Não há jeito de que olhe meu filho e não vaticine que em alguns anos estará numa balsa com destino à Florida ou casado com uma estrangeira num plano para sair de Cuba. Só de vê-lo me dou conta que tentará a todo o custo deixar para trás este pedaço de terra, ao qual está ligado pela cabeça dura dos seus pais e pelo absurdo migratório que o impede de viajar. Sem mesmo que saiba, ele hoje é o filhote de emigrante que algum dia despregará as asas e voará para longe daqui. Um embrião de exilado, ao qual só falta conhecer qual será o destino de sua peregrinação.

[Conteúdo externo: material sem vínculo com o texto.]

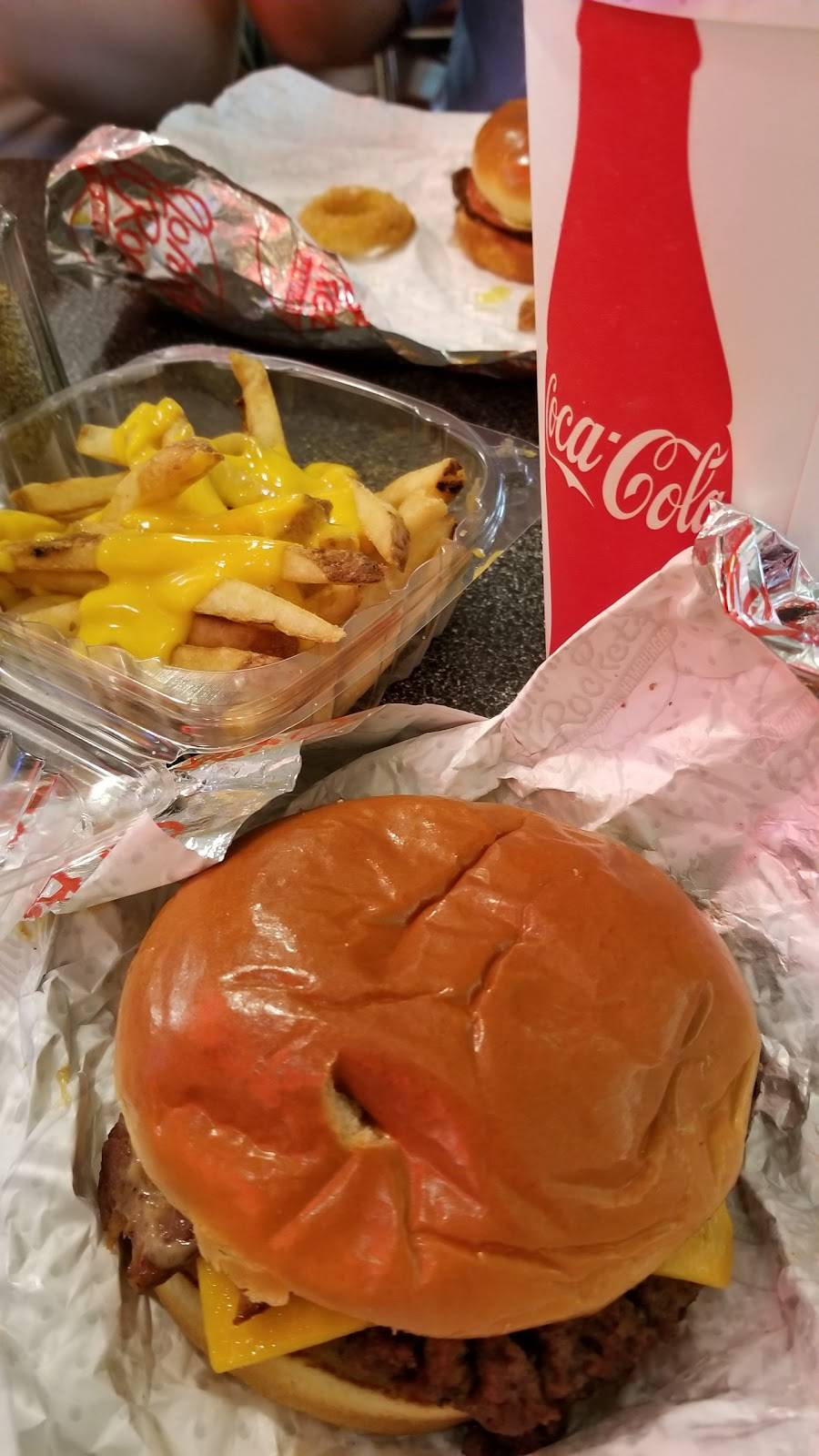 Johnny Rockets | restaurant | 5300 S Howell Ave, Milwaukee, WI 53207, USA | 4147475252 OR +1 414-747-5252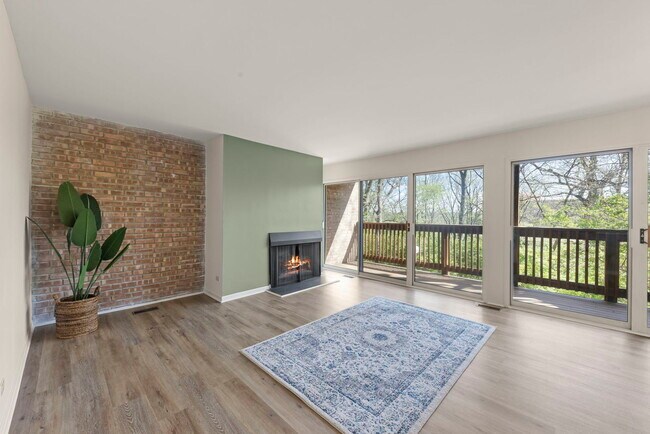 Building Photo - 5821 Oakwood Dr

Mais gostaria eu que ficasse. porém não tenho um só argumento convincente para dizer-lhe que não se vá. Qual razão poderia argumentar com ele? Qual prognóstico otimista seria suficiente para convencê-lo? Haverá algum vislumbre de mudança para fazê-lo desistir de sua ideia? Se eu mesma não estou certa que deva permanecer aqui, como vou tratar que deite raízes num país onde poucos podem dar frutos.

Depois do último discurso de Raúl Castro perante a Assembléia Nacional, com sua “sombra” de continuidade, com sua auréola de “mais do mesmo”, com sua desbotada oratória de tempos passados, só tenho o impulso de ser – para meu filho – remo, vela, asa…no caminho de sua rápida escapada.